Greg Morris

It's Not The Internet It's You

I am currently walking a new path of self-discovery. I haven’t disappeared to India or been on any vision quests to find myself (yet), but as a whole, I was simply not happy the way I was going, so I changed direction. The choices I was making and things I was doing were affecting the way I felt and, like many people, I simply disliked the way I felt.

Working online all day, every day and then spending large portions of my free time online was becoming a drain on my mind. I was filling every little slice of boredom with Twitter, Reddit, or mindless scrolling the web that I was becoming frustrated with myself.

Like every bad tradesman the knee-jerk reaction was to blame the tools. Blame the internet, web designers, and all the things around me for being made to distract me. I sought out a smaller phone, one that I didn’t feel like using as much, I restricted my usage of the internet when not working, and time blocked my calendar to make me indistractable while working.

This worked, it made me realise that I was turning a ridiculous potion of my life into dead time. Passively waiting or searching for something to distract me and give me something to do. I didn’t even know these things were distracting me, because I had no idea what I wanted to be gaining traction towards. By removing those things I filled my time with allowed me to read more, do more, and have more meaningful relationships. Exactly the types of things that life should be built around and that make me a much happier person.

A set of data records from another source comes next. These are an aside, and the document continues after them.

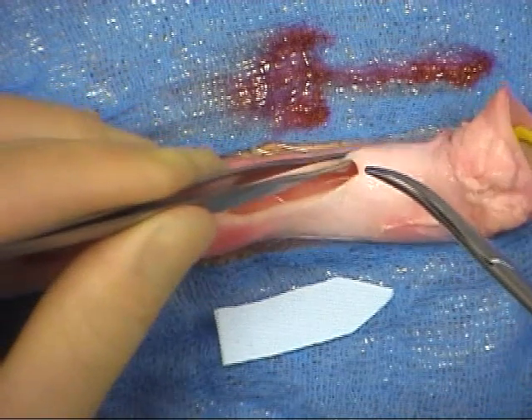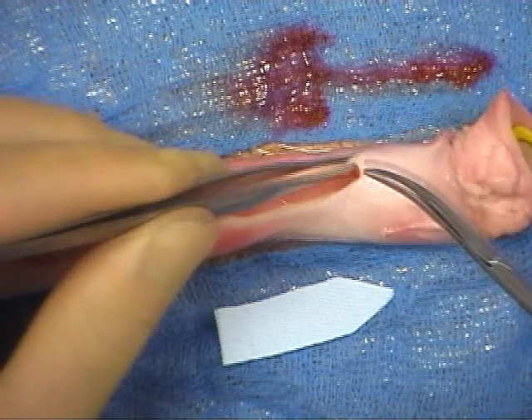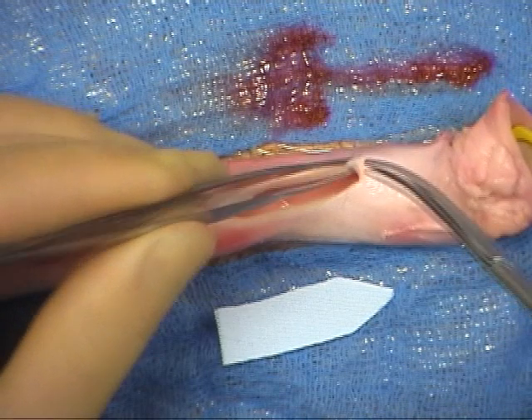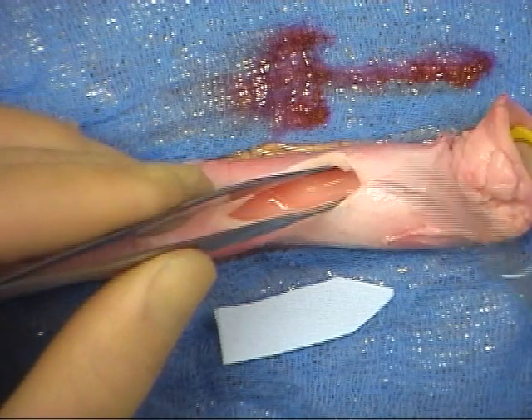However, the full thickness of the vessel wall must not be grasped with the forceps, as this will fracture the intima, particularly in vessels that are calcified.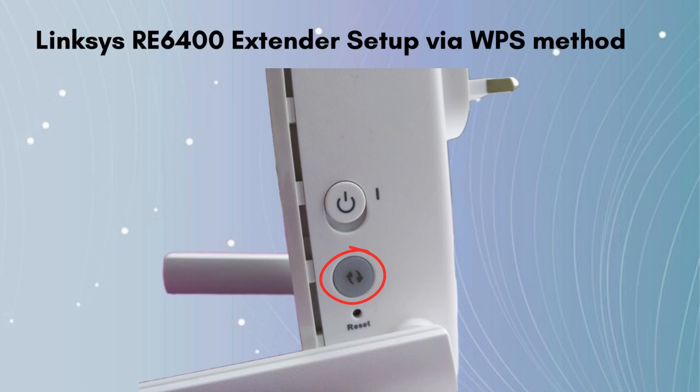Now let's move to the next step, which is WPS setup. WPS simplifies the process of connecting devices to a Wi-Fi network without the need to manually enter the network name, SSID, and password.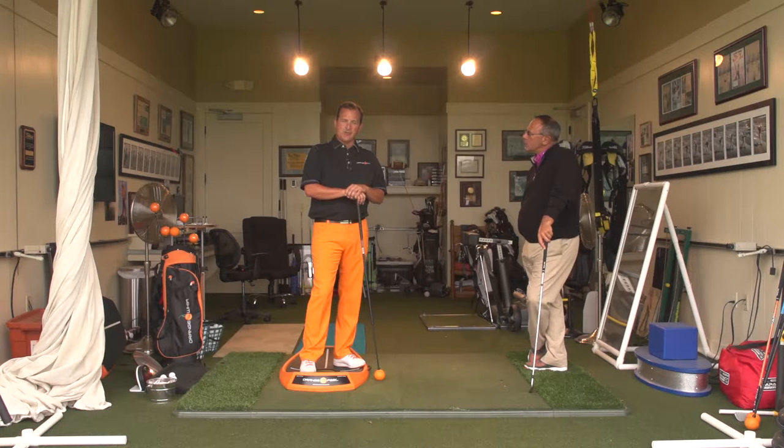Hi, I'm Jim Hackenberg, PGA golf professional and developer of the Orange Whip training products. I'm here with my friend Tom Patry, fellow PGA member, top 100 golf instructor, and founder of the TP Golf Schools in Naples, Florida.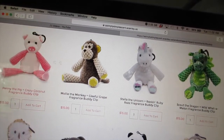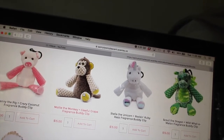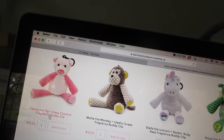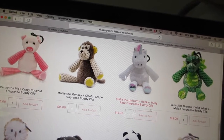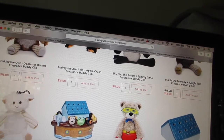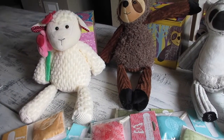I was going to get Danica the Molly the Monkey fragrance buddy clip, but it doesn't open in the back for a scent pack — it already comes with its own smell. Molly comes with grape, Penny the Pig comes with Crazy Coconut, and Stella the Unicorn comes with Rock and Ruby — each already has its own scent built in. And then there's Sebastian the Super Buddy for thirty-five dollars.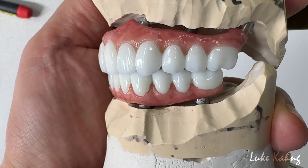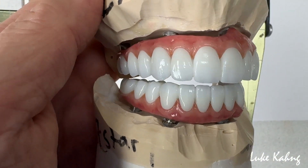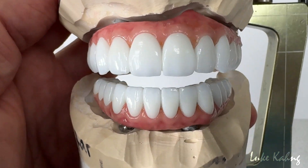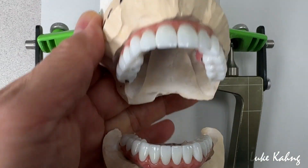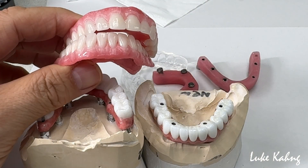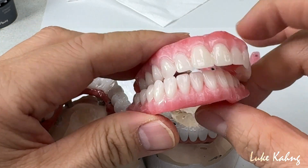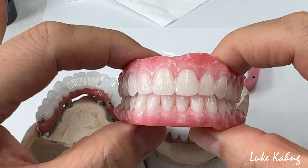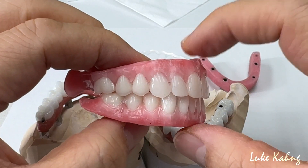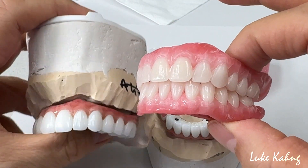We tried to minimize the facial contour compared to the wax. The wax — so we're achieving this. This is the final. It's a long journey — almost three weeks. We started with a drag try-in. This is the traditional way, but still pretty good. Then we put it in the wax and designed it, and then we minimized the facial contour.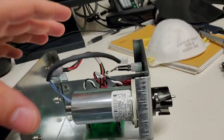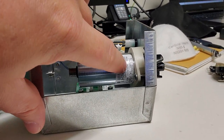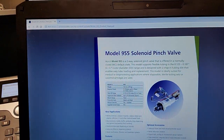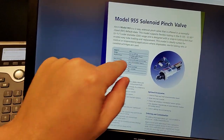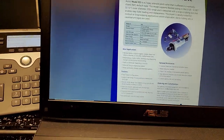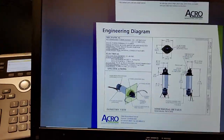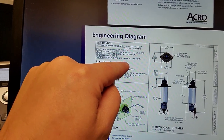Let me show you guys — you can see it's made by Arco and it's model 955V. So what I did is I looked it up online. It's the model 955 solenoid pinch valve, and the datasheet gives you the wattage. Going down to the physical and electrical traits of the device, you can see it handles 12 to 48 volts.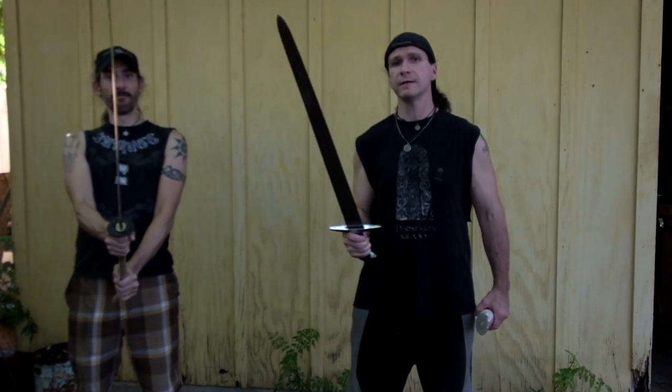Hiya, Thrand here. Hiya, this is Eldrame. And we're back with the late-century Viking sword from Medieval Shop and the Musashi katana.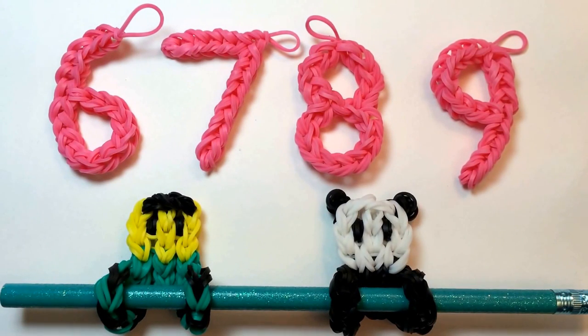Hi, this is Made by Mommy, and today I'm going to show you how to make the next number in my series. I've already posted 6, 7, and 8, so today it's time for number 9.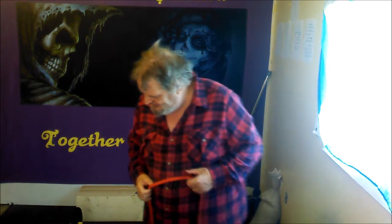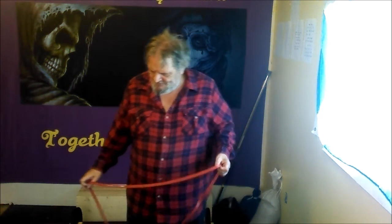A red band sign. So grab your red band. First one we're going to do is a pec neck.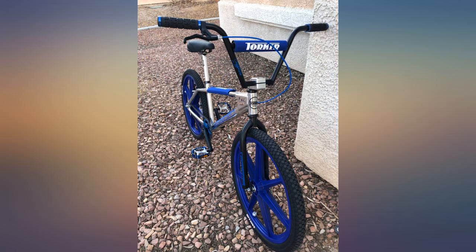Very comfortable. Way better than the other ODI grips I have had. Nice and soft, and they soak up the impacts very well. Definitely will be getting a pair for my other bike.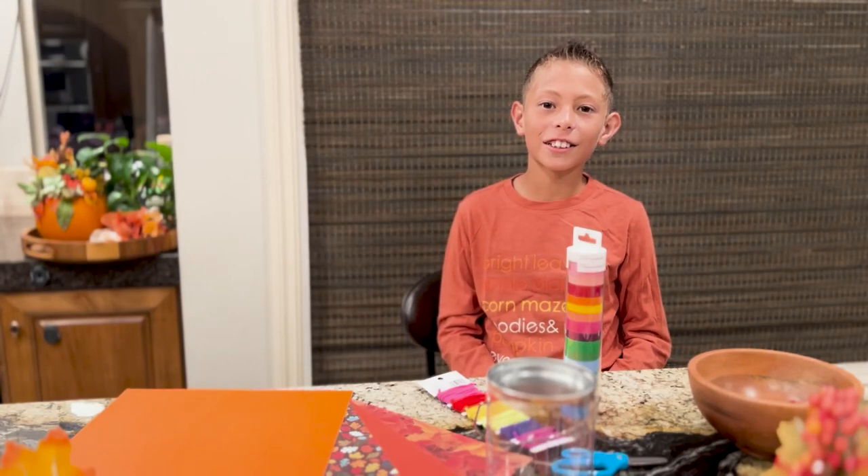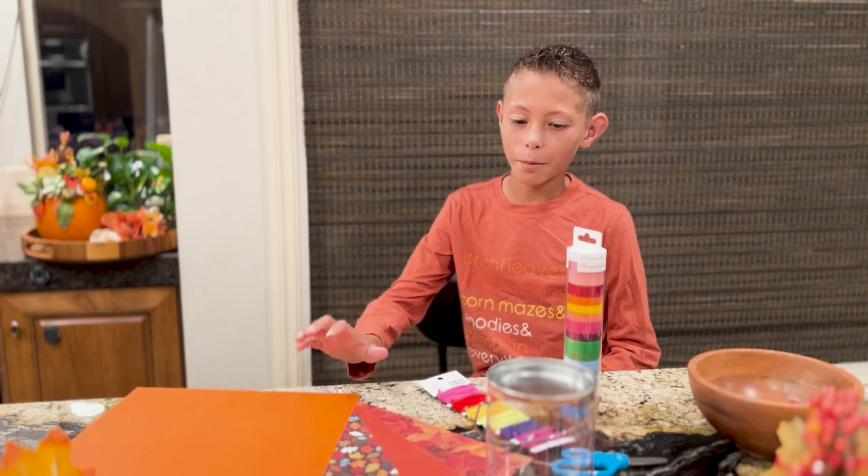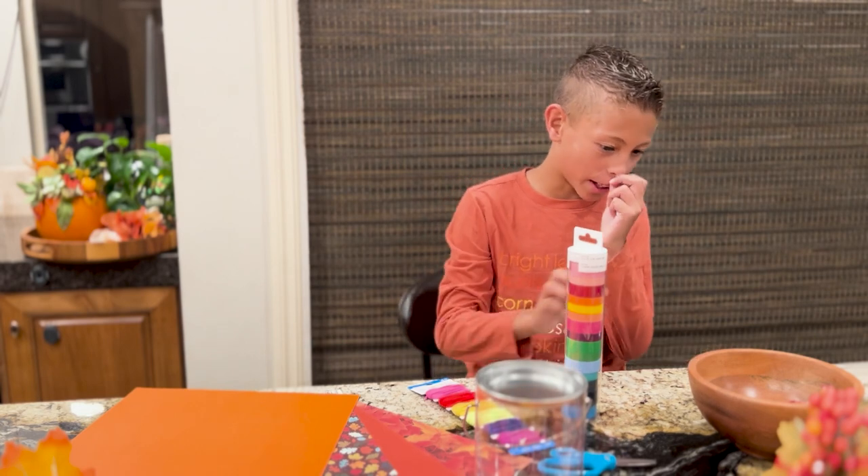My name is Tiago and today we're going to make a drum. These are some supplies you need: a paper, rubber bands, tin, scissors, tapes, and a balloon.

I am not exaggerating when I say that removing many of the things that I used to find important in my life allowed me to see how utterly meaningless they were. It is true that you must let go of what you love the most, and see if it returns, and as I let go of a lot of social media usage, it never returned.

While in internet is full of ways to grab your attention from you, and getting worse the deeper we go into the attention economy, it is not the reason I was so distracted. Manipulation by platform developers only goes so far toward hacking your brain. What I quickly realised was that I had a choice to do these things or not, it was internally that I was so susceptible to the triggers used.

I started paying attention to the triggers that whisked me away down an internet rabbit hole, and by and large, it wasn’t the internet's fault — it was mine. When I was honest with myself and realised that because of my internal triggers I was searching for things to fill my time, the external triggers worked like a charm. I didn’t need to resort to a worse phone, or disconnect myself — I just needed to be mindful of the distractions and make myself indistractable.